Are there some people in your life that just push your buttons constantly? If not, then you are probably a Zen meditation master and should put your application in to work with the Dalai Lama. But if you are among the earthly creatures, then you know exactly what I am talking about. You probably get all worked up just thinking about these people, and every time you have an encounter with them – no matter how small – you come away frustrated and seething – maybe even for hours.
It’s easy to think that these people are wreaking havoc on your life and if only they would change, your life would be a much happier one. How is that thinking working out for you? If we are honest with ourselves, we really hold no rational belief that the button-pusher is going to change in any significant way. That is why we always steel ourselves up when we see them coming, when their phone number pops on our caller ID or when we get an email from them. We know how they are. And every time they show up and act like themselves, we feel the same aggravation.

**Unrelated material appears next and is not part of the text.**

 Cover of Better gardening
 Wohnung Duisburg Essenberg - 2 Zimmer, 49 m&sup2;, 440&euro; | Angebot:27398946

The pattern I just described happens over and over again because we let the emotional part of our brain run the show in encounters with the BPs. We don’t actually choose to get all worked up, it’s just happens. That frustrating person is just like a saber-toothed tiger on the Savannah. You react to them as you would a predator. You either become defensive when you talk to them (fight) or you try to avoid them (flight).
Now you can live your entire life getting frustrated by the same thing over and over again and hiding around corners to avoid these people or you can stop reacting and start choosing how to respond. And that is the basis of the book by Peter Bregman, Four Seconds.
According to Bregman, four seconds is all it takes to deactivate your emotional knee-jerk reaction and choose a better response – to create a space between stimulus (the button pusher) and response. It’s the time it takes to take one full breath.
Notice that it is a response in this case – not a reaction. According to Merriam-Webster, to respond is simply to say something in return. To react is to exert a reciprocal or counteracting force of influence. A response can be a reaction, but it doesn’t need to be. It’s wide open. You get to choose it.
But to be able to choose in the first place, you have to shut down the emotional knee-jerk reaction part of you. How do you do that?
Moderate your Expectations. Don’t expect the button pusher to behave any differently. Don’t think you can change the button pusher. Accepting that the button pusher is going to behave in a certain way each and every time can actually be liberating.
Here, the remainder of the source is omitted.